Hello Laszlo,
Thank you for the rundown. I enabled the
additional LIBGUESTFS_BACKEND_SETTINGS, and I have attached a follow up to
the libguestfs-test-tool output.
I also checked out my CPU settings (cat /proc/cpuinfo output attached), and
the host does appear to support PCLMULQDQ (AMD Ryzen 7 5700X). I also
checked the cpuinfo in one of the guests I have created (Ubuntu 18.04,
unstable due to intermittent kernel panics), and the cpuinfo indicates that
this feature seems to be passed down to my guest as well.
I noticed that the libguestfs-test-tool didn't seem to like the qemu
settings it tried to boot with. So, I went back to basics and built a disk
using qemu-img (qcow2) and utilized qemu-system-x86_64 to do the base
install (Ubuntu 18.04). The resulting image boots and I import the
resulting image with virt-install. However, the GUI/console seems to want
to lock up shortly after boot if I am using virt-tools.

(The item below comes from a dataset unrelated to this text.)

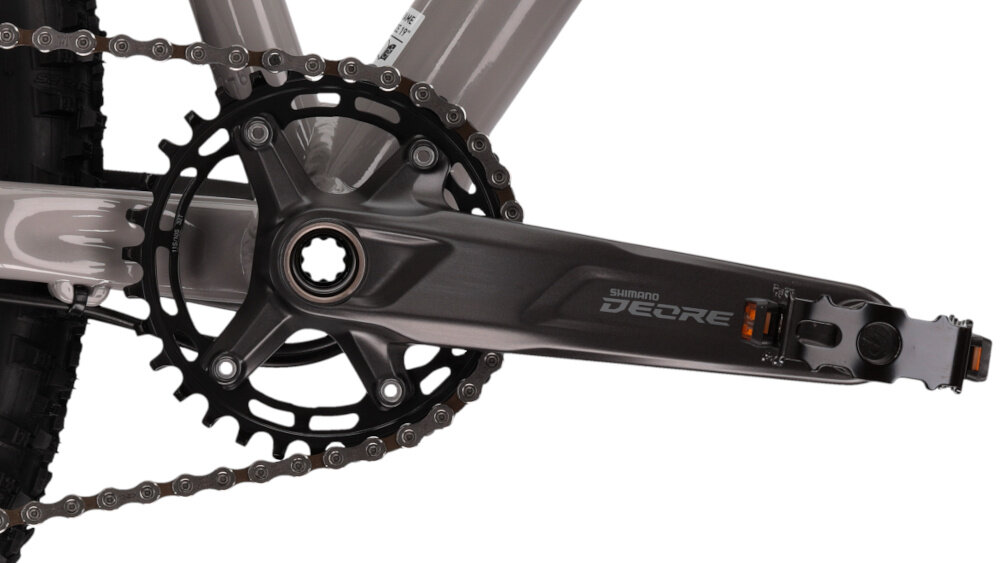 Rower górski MTB KROSS Level 4.0 M17 29 cali męski Szaro-czerwony zbliżenie na korbę kasetę i łańcuch lekka wydajna konstrukcja korby korba SHIMANO typu Deore M5100 kaseta SHIMANO typu Deore M4100 11-46T solidność wytrzyma bardzo duży nacisk na pedały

The guest seems
more stable when I boot it directly with `qemu-system,` and this may be my
workaround for now.
In virt-tools, I can consistently get a panic on the guest by trying to
enable the qemu-guest-agent: `systemctl enable qemu-guest-agent.`
Unfortunately, I cannot get the full output from that panic (attached). It
would seem that this problem is more than just libguestfs-tools. Is there a
KVM listserv that this might be more appropriate for?
Sincerely,
On Mon, Mar 20, 2023 at 1:31 AM Laszlo Ersek <lersek(a)redhat.com> wrote:
On 3/17/23 16:10, Justin Churchey wrote:
> Hello Everyone,
>
> I was having some difficulties converting OVA images yesterday. At
> first, I thought it may have been a compatibility issue with
> VirtualBox 7.0. However, when I went to run libguestfs-test-tool, it
> began failing with the exact same error as the conversions, which
> leads me to believe the issue may lie with libguestfs and not the
> images themselves.
>
> To test further, I created a fresh install of Ubuntu 22.04, and the
> libguestfs-test-tool seems to fail with the same error, even on a
> fresh install. I am attaching the libguestfs-test-tool output for
> reference.
>
> Ubuntu 22.04 is running libguestfs-tools 1.46.2-10ubuntu3
>
> If anybody has any insight into the issue, or if you feel a bug report
> needs to be filed, please let me know.
Your appliance kernel crashes.
Here's my theory on why this might happen, based on your log.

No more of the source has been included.